Chef Gianluca’s culinary identity began developing far before he first stepped into his father’s kitchen at the age of 13. Growing up, he was surrounded by a family of professional chefs and phenomenal home cooks. Both his father and brother are chefs, and his mother’s cooking truly represents the specialties from his home of Vicenza, a city located halfway between Venice and Verona in the region known as the Veneto.
By the time Gianluca began working beside his father at their family gastronomia, La Parmigiana, his passion and palate for food were already stirring. From there, he studied cooking at Italy’s famous culinary “high school,” Recoaro Terme, in Vicenza. Three years later, in 1980, Gianluca had completed the arduous program and went on to sharpen his skills in a succession of highly regarded Italian restaurants. The exposure to these burgeoning gastronomic environments gave him the necessary space to meticulously hone his talents and increase his knowledge of Italy’s breadth of regional cooking styles and ingredients.
Gianluca ambitiously navigated his way through an intense hands-on training and went on to work at two prestigious hotels on the Lido di Venezia in Venice: Hotel Des Bains and Hotel Excelsior. These instrumental opportunities allowed him to step up and take the reins as the executive chef at one of Northern Italy’s most popular restaurants at the time, Ristorante Molin Vecio, in Vicenza, followed by several years as the executive chef of the celebrated Ristorante Castelli di Giulietta e Romeo, a unique restaurant within a medieval castle in Montecchio Maggiore, in Vicenza.

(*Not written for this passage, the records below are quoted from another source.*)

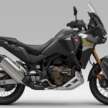 2024 Honda CRF1100L Africa Twin Adventure Sports ES in Malaysia, 7% more torque, RM119,388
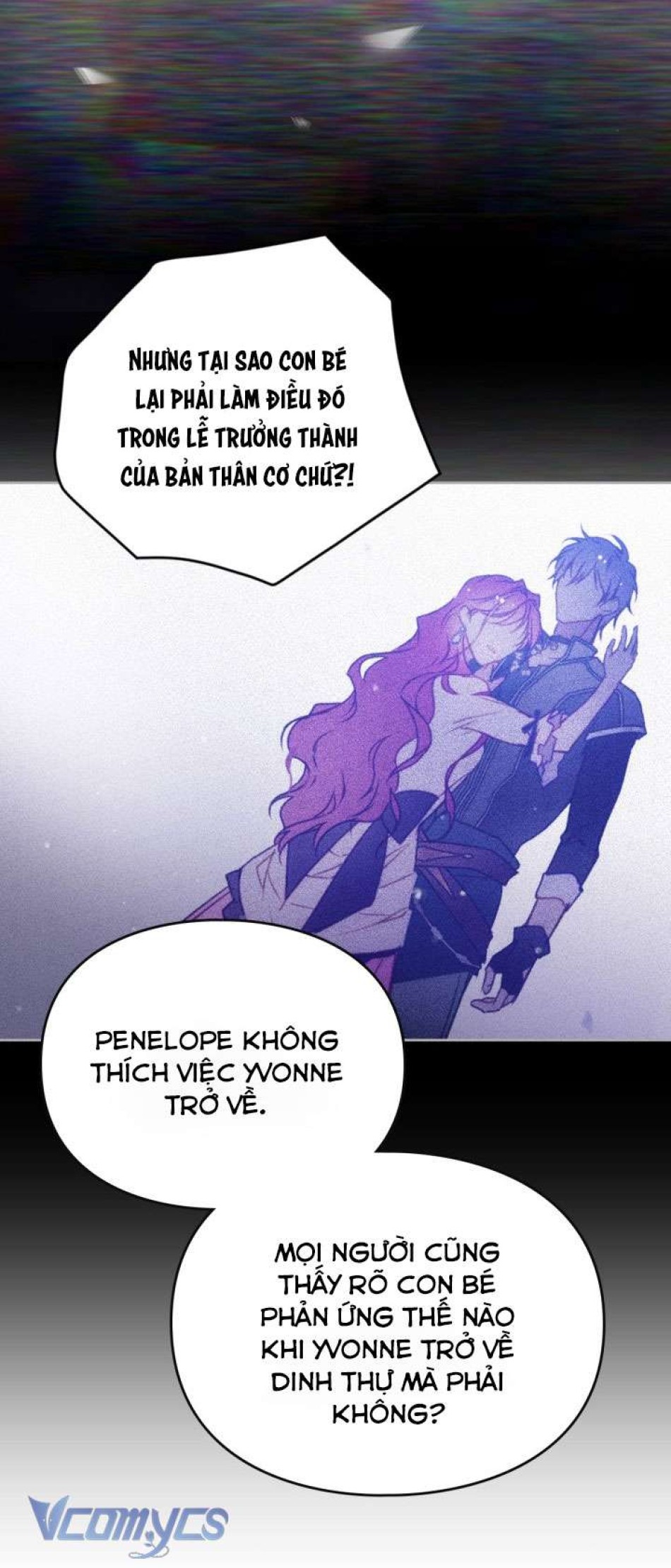 Kết Thúc Của Nhân Vật Phản Diện Chỉ Có Thể Là Cái Chết 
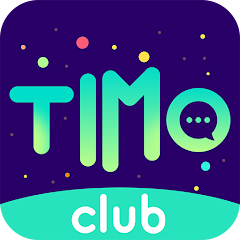 Timo Club - vídeo & voz chat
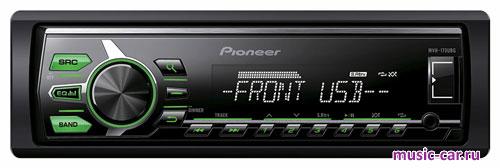 Автомобильная магнитола Pioneer MVH-170UBG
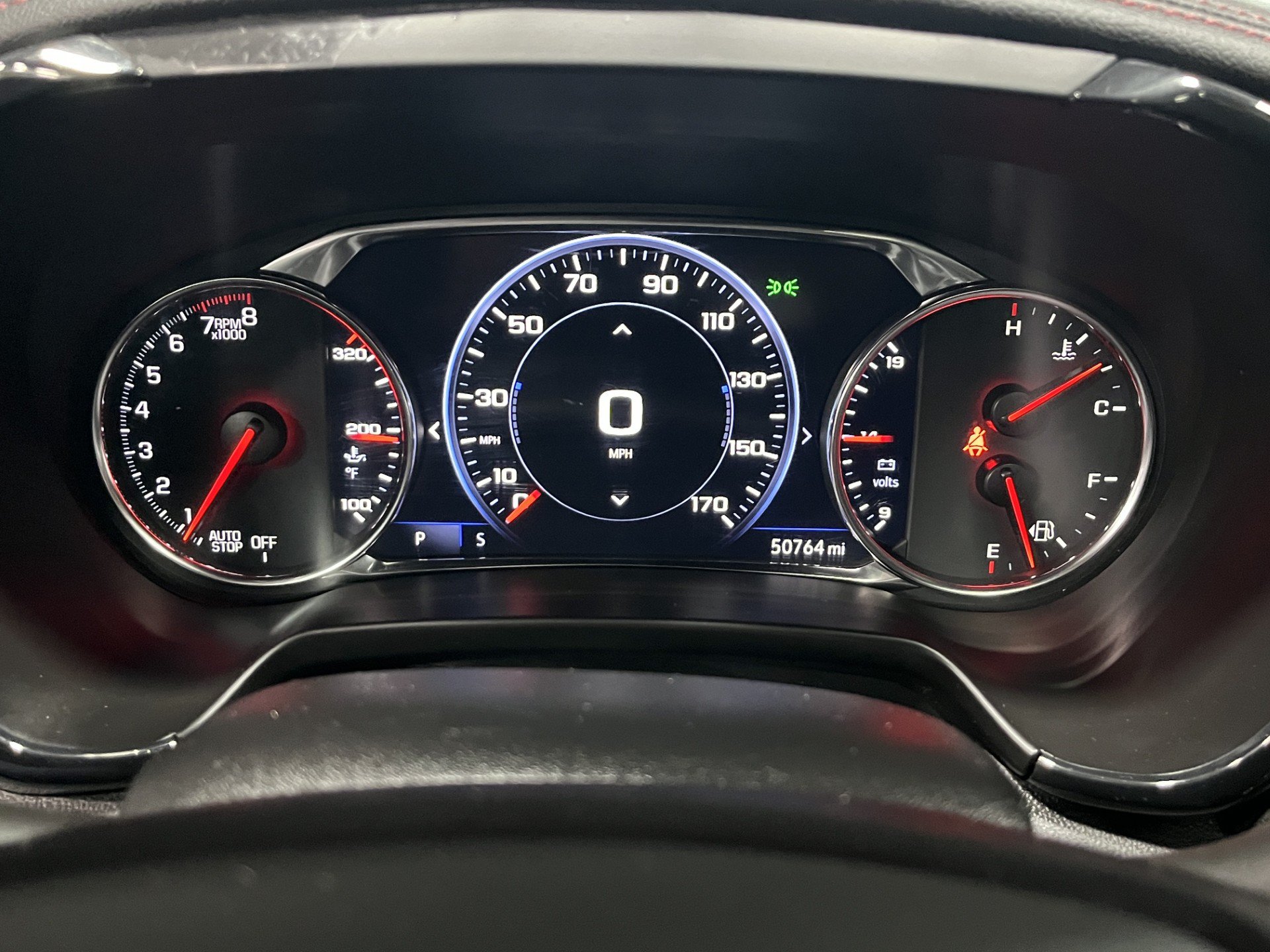 Certified 2023 Chevrolet Blazer RS w/ Driver Confidence II Package AWD/4WD image 14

Gianluca’s innate appetite for his trade and polished expertise continued to guide his culinary journey as a sous chef in La Spezia at the Ristorante Locanda dell’Angelo (Michelin two-star) and as the executive chef at Ristorante Locanda delle Tamerici (Michelin one-star) before opening his own wine bar and gastronomia, Il Vicolo, in Vicenza in 1993. In 1998, Gianluca moved to the U.S. and became executive chef, Food R&D, and vice president at A.G. Ferrari Foods, an Italian food purveyor in the San Francisco Bay Area, planting the seeds for future endeavors. In 2010, he returned to Italy and opened Ristorante La Berlera in Riva del Garda where he worked side by side with his wife and son. The restaurant is located inside of a boulder that was carved out in 1794, resulting in a small, castle-like structure surrounded by mountains and rolling vineyards—a truly unparalleled dining experience.
In addition to his extensive restaurant experience, Gianluca’s culinary knowledge affords him an extremely well-rounded perspective. He has furthered his education with master classes in the art of pastry, as well as achieving the status of master sommelier, accredited by the A.I.S. (Associazione Italiana Sommelier). Gianluca also partnered with author Anna Maria Molino and together co-wrote a popular Italian cookbook titled La Cucina Vicentina (The Vicenza Kitchen). The book, featuring authentic recipes and ingredients of Gianluca’s homeland, has sold over 100,000 copies.
Gianluca’s philosophy focuses on using the best available seasonal ingredients to showcase the unique flavors and cuisines of the regions in Italy. It is this philosophy that united him with fellow Italian chef and longtime friend, Donato Scotti. With a shared vision to create contemporary, rustic Italian cuisine with locally sourced, seasonal ingredients, Gianluca and Donato have partnered to open DONATO&co. in Berkeley’s bustling Elmwood retail district.